Now after the classes, I really understood the muhawara, ‘do thaali baja tho hi awaaz nikalthi hai’ (Sound is heard only when both the hands clap). Up till now, he had been doing the shouting and I, just the listening. Now this new love for myself would just not allow anyone to abuse me. I rose like a tigress defending myself, much to the shock of my husband. He did not know what had come over me. He asked me whether this was what they had taught at the yagna. I watched myself dispassionately as usual and wondered at the change. But I was very clear that he should not abuse me. He stopped saying much after that but his thoughts were obvious and they still had the power to hurt me.
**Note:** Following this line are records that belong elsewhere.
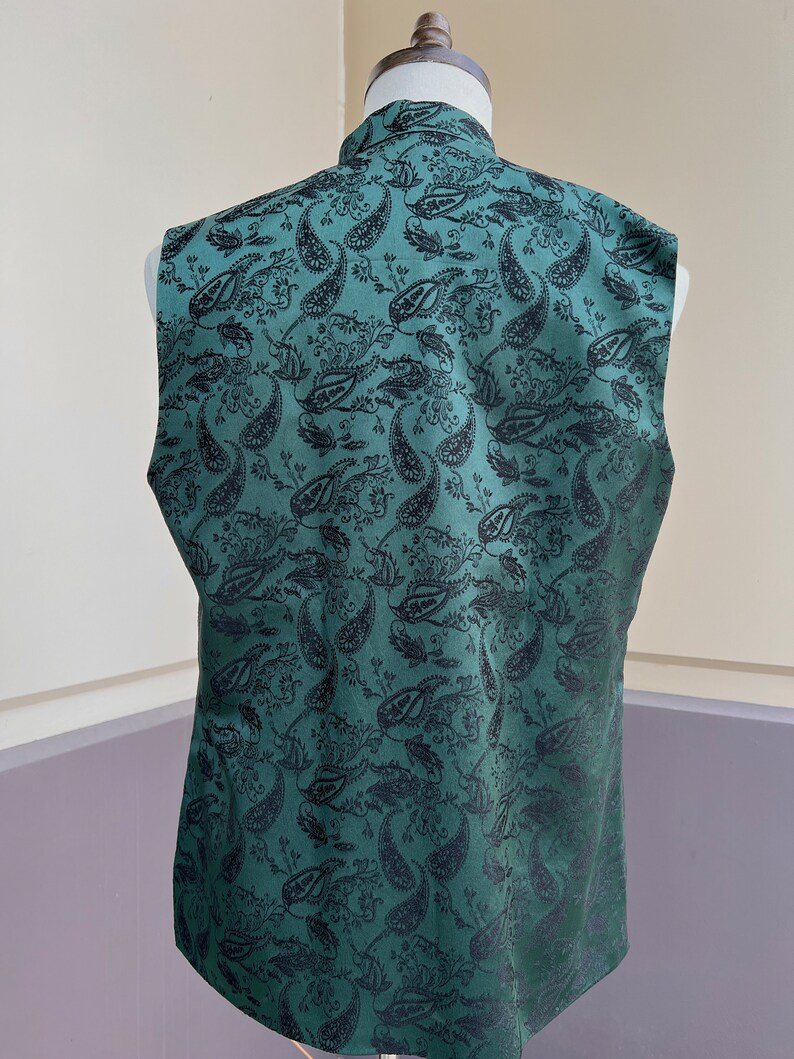 May include: A sleeveless vest with a dark green background and a black paisley pattern.
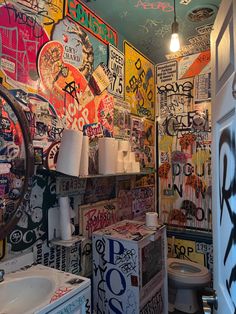 a bathroom with lots of graffiti on the walls and ceiling, along with a toilet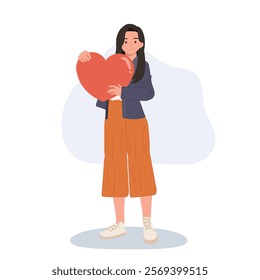 female holding big red heart as a symbol of self-love, care, and emotional support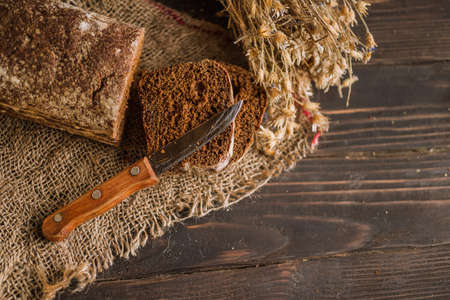 Dark multigrain cereal bread on rustic wooden boardの写真素材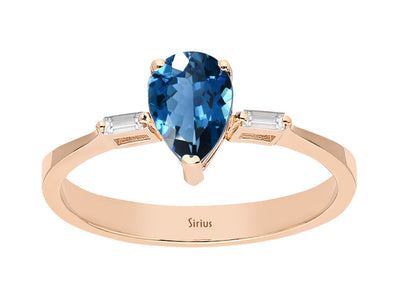 Royal blue topaz ring with baguette diamonds in 14K rose gold
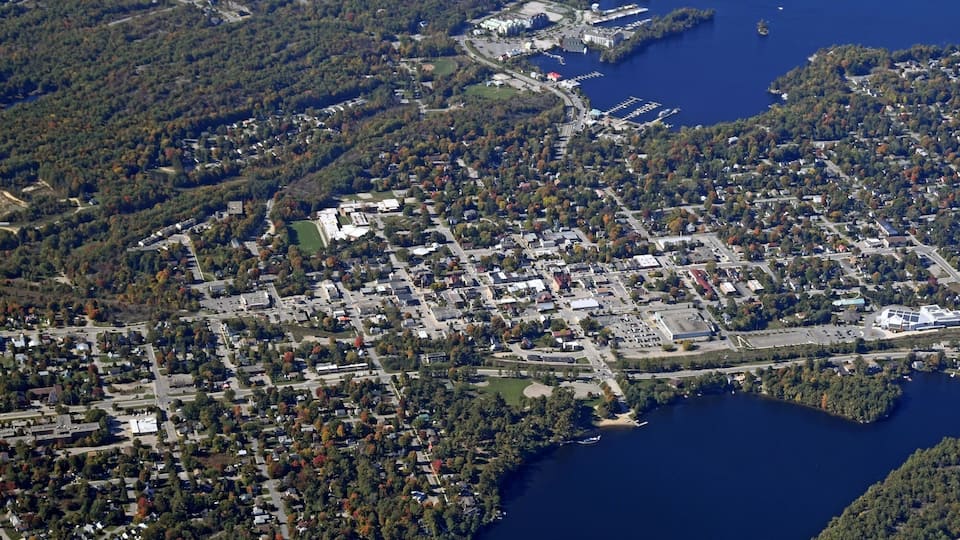An aerial view of a town with a dense cluster of buildings, a marina, and a large body of water.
My first instinct was to blame him but deep down I was very clear about one thing. If I was suffering, then in some way I was to take responsibility for it and not shift the blame on to him. Like for eg. If I thought he was wrong, I can just declare that he is wrong and I should be able to let go of it. But I was not able to do that. I was very upset about the whole thing. So the Quest continued.

Monday, January 23, 2012

A WONDERFUL VISION


The eyes I saw in my vision

OLD DIARIES: Continued……

Only during my conversation I told Bhagavan very clearly that He should not come in front of me since I was bound to be scared. The visions themselves were quite fascinating. God led my astral body into the Sun and I felt the coolness there. There were many more until I was finally convinced that they were visions and not figments of my imagination.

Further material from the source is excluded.